Now picture Harry describing Draco Malfoy's hair of the same color the same way, and you will grasp how thoroughly this screams "SPECIAL!!"

Then the entire party notices her, and they all have this identical dramatic gasp at how durn purdy she is. And that is why Kitiara should not have broken the oath - this adventuring party desperately needs a woman.

Mysterious Old Man is still sitting around telling heretical stories, when suddenly he completely shifts gears and randomly hypnotizes the barbarian chick, whose name (Goldmoon) he, of course, knows for no apparent reason, to sing a particular song, in full confidence that she'll know which one.

The song is mainly a lot of uncomfortable stuff about her personal history, but it mentions a "blue staff". So, I guess the Mysterious Old Man was trying to get her to announce that she owns that staff all the goblins have been looking for"? For some reason?
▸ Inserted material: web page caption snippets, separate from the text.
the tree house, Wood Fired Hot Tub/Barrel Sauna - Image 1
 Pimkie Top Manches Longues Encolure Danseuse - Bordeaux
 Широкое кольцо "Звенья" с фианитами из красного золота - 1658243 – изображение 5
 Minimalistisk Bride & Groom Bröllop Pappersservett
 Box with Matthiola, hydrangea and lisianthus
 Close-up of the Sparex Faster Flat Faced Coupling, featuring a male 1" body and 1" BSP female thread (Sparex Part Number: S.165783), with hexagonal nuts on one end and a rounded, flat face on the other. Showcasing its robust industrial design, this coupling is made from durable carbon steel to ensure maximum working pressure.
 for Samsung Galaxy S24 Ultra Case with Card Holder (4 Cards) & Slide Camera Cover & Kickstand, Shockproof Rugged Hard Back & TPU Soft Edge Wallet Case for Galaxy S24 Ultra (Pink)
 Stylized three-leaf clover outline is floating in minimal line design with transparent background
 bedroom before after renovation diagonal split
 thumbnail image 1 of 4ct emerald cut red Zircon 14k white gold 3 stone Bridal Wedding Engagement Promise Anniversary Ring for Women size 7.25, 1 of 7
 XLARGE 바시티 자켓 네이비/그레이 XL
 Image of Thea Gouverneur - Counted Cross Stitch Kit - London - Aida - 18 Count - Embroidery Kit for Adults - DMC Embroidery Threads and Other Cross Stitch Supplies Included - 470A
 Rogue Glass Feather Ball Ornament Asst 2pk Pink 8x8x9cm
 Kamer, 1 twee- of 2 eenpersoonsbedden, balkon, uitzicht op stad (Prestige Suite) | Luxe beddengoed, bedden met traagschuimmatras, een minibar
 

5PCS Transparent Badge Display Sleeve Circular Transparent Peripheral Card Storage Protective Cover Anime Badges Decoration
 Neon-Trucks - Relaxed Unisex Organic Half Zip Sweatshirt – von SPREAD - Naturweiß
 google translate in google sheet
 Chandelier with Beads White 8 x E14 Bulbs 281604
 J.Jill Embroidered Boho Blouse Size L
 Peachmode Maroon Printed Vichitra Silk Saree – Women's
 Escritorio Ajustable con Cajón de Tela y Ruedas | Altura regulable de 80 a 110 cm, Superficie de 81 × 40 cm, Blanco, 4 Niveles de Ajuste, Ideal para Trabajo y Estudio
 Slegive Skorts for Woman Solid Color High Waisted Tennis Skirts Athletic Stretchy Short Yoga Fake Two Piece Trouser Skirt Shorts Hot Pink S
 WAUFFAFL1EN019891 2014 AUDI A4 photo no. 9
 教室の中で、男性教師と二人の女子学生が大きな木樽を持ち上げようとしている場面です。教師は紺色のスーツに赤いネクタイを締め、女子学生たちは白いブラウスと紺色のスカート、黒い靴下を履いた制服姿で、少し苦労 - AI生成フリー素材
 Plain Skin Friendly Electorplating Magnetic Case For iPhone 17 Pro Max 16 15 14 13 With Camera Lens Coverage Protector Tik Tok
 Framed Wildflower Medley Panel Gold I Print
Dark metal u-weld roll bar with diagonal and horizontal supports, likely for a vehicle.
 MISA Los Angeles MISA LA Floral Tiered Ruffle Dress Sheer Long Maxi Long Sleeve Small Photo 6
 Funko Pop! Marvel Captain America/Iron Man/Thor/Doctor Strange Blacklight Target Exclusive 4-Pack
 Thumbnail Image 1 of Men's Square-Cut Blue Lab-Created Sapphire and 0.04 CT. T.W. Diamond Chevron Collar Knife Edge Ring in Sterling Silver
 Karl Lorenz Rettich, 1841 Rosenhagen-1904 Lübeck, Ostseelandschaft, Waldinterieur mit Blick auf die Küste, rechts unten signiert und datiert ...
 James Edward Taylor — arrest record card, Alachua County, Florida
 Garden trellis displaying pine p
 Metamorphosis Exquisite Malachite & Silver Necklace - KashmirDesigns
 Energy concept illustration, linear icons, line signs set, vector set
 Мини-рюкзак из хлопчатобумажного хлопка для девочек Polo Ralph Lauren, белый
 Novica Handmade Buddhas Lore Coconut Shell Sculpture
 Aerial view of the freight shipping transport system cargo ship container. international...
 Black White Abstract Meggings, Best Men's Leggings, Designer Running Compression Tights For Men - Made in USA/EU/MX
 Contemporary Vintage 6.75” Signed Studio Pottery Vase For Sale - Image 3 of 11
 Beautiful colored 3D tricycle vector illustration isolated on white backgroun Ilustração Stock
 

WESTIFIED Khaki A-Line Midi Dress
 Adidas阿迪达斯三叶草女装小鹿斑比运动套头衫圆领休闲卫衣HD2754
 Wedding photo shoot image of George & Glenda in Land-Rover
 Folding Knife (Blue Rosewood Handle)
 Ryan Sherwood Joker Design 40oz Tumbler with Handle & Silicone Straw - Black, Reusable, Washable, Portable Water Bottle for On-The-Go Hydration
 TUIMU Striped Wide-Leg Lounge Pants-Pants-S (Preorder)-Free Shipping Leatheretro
In any case, nobody in the entire bar gets the memo, so I guess that was a bust.

Not to be thwarted, he goes back to telling the boy of the old gods. Whom the boy has never heard of. The rationale being that since the old gods are purportedly responsible for the freaking apocalypse three hundred years ago, they, er... just sort of forgot about them. Yeah.

This finally draws the attention of the High Theocrat, who rises to his feet in a drunken slapstick, tries to confiscate the staff just because Goldmoon sang a love song, then abruptly falls headfirst into the fire and starts fouling up all the comic atmosphere with the stench of his burning flesh.

The old man confiscates the guy barbarian's staff and hands it to Tasslehoff so he can thwack the High Theocrat with it. Hence revealing the sucker to be blue crystal, and also to have healing powers. Horrified at this heresy, the Theocrat rearranges a few body parts on the old saw of cutting of your nose to spite your face and chars his had to a blackened crisp for the heaven of it. (Healing is exclusively divine magic in Dungeons and Dragons, remember. The characters certainly do, even if they're fuzzy on the apocalypse.)

So, I guess the old man's work is done here, because now he feels free to start shouting that the kender has the staff and that everybody at his table, plus the barbarians, are in league with them. Sturm needs a little convincing to flee based around the fact that Goldmoon is, in fact, a woman, which leads me to believe that this is not only a D&D universe, but it's based on an actual D&D campaign that incorporates a typically difficult paladin.

Meanwhile, the frothing mob that wants the goblins to leave them all alone once they have the staff is, I quote, "in no great hurry." They make their great escape, in which Raistlin manages to creep everyone out by, of all the things in the world, casting Feather Fall, and Tanis rather gorily slices his palms off on the escape rope to give Goldmoon yet another opportunity to show that YES, HER STAFF HAS HEALING POWERS.

They think they can lay low in the same damn town and everyone will just have forgotten about them. Ha, ha, ha.